Your Sister’s Sister
The simplest of films in plot and location, Lynne Shelton’s "Your Sister’s Sister" is an insightful and heartfelt look at broken people and how they mend themselves. Her follow-up to the hilariously perceptive "Humpday," Shelton focuses her talents on a directionless thirty-something man named Jack (Mark Duplass) whose brother has just died and the resulting emotional stress is causing him to shatter. Worried for him, his close friend and brother’s ex Iris (Emily Blunt) tells him to go to her family’s remote New England island cabin for a long weekend in order to straighten out his head. Reluctant at first, he heads off to the retreat only to find Iris’ sister Hannah (Rosemarie DeWitt) has already set up house, hoping to heal wounds of her own.
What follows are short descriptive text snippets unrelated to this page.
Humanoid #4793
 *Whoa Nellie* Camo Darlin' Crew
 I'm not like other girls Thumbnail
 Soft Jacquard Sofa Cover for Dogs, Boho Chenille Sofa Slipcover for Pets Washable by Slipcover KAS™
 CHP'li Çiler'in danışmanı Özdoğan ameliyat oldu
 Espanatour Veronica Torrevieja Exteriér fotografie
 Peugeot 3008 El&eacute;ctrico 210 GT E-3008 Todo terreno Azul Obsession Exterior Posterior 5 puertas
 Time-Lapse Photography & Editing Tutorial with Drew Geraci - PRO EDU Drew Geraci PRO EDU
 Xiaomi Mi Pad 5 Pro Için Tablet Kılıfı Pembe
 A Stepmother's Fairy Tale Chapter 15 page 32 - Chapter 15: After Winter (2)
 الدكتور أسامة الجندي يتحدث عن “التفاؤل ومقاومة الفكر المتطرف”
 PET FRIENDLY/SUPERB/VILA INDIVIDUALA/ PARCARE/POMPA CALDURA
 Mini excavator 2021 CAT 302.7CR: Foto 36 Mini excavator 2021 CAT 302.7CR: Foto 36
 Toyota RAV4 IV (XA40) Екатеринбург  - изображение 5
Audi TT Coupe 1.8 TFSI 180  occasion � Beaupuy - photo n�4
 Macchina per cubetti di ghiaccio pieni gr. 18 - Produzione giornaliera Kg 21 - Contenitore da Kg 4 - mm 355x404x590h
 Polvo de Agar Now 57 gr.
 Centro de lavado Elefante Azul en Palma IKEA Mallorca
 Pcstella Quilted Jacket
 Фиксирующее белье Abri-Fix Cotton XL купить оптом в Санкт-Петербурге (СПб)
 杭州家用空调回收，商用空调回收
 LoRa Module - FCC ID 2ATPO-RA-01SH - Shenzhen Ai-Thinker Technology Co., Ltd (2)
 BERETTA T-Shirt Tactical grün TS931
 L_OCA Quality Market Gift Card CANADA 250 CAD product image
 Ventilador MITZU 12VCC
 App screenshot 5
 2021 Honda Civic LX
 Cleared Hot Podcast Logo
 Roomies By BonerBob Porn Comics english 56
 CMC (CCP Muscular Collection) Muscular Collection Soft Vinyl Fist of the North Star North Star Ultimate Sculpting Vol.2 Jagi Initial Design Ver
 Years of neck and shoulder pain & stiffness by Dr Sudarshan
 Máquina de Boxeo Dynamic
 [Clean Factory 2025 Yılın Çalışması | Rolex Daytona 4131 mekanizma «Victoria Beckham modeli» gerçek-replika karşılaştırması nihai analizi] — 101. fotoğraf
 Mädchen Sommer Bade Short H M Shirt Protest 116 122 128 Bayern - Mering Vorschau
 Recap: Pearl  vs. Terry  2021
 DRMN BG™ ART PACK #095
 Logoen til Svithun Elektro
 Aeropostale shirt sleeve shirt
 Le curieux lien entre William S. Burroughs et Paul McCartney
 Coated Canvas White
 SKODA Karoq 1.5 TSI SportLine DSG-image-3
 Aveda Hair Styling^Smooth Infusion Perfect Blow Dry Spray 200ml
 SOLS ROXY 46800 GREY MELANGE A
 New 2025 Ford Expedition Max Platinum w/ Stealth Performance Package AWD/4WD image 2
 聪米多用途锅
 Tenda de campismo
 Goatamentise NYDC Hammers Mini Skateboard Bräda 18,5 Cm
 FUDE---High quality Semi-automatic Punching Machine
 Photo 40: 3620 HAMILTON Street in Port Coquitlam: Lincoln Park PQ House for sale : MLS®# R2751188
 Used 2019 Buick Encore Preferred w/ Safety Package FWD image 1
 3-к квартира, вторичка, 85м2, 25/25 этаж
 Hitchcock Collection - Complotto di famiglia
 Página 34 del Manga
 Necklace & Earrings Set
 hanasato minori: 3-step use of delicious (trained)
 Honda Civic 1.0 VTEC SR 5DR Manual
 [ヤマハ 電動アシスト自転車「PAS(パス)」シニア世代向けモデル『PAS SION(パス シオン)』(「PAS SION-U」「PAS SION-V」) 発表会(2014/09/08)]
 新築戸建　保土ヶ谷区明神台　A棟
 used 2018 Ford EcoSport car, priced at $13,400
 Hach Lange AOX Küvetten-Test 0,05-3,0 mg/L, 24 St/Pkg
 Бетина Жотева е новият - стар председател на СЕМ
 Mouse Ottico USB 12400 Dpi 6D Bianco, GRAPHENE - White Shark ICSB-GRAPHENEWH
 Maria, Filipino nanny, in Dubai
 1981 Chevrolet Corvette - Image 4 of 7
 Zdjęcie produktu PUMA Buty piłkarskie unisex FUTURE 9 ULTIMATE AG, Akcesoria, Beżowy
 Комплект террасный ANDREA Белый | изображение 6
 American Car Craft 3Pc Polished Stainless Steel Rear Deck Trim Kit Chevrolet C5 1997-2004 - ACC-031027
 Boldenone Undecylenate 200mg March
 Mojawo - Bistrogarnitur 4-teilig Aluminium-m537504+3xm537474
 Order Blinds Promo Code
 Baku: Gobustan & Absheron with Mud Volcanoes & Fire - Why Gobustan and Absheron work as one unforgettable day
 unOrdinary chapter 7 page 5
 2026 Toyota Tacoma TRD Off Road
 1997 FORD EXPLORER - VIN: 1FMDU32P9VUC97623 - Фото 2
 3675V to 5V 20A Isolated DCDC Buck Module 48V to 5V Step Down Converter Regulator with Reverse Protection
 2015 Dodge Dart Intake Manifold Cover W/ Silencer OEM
The two clash at first, but quickly warm up to each other. Over tequila shots on the first night at the cabin, the two bond over their mutual frustrations. While Jack is still mourning his brother and stunted in life as a result, Hannah has just broken up with her girlfriend and is in a tailspin as to how to move forward. As drinks get poured, the two find themselves having awkward and brief sex that leads to a myriad of complications as the weekend continues. Especially when Iris shows up for a visit.
Shelton allows the actors to improvise and creatively explore their key dialogue points lending the film that hyper-natural feeling that she does best. For long stretches, the audience feels like they are just eavesdropping on regular people having seemingly mundane, but nevertheless interesting, conversations. It’s like being at a gathering of strangers and listening to them talk about their views on their mutual life experiences. Duplass, DeWitt, and Blunt all excel - never allowing a false note to seep into their characters. There is a comfort between Hannah and Iris, and alternately Iris and Jack, that allows the roles to feel relatable. It also allows the conflict that rises to be an emotional stab in the chest.
Shot in a more stoic way then her earlier effort, this feels like a mature studio film with indie cred - which is a good thing. Rather than the shifty movement of constantly using a hand-held camera, she lets the actors move and breathe into their characters and the camera is there simply to observe.
Refreshingly candid and without easy solutions, "Your Sister’s Sister" is a lovely little film; while it doesn’t exactly break new ground, it features a cast and crew who are at the height of their craft.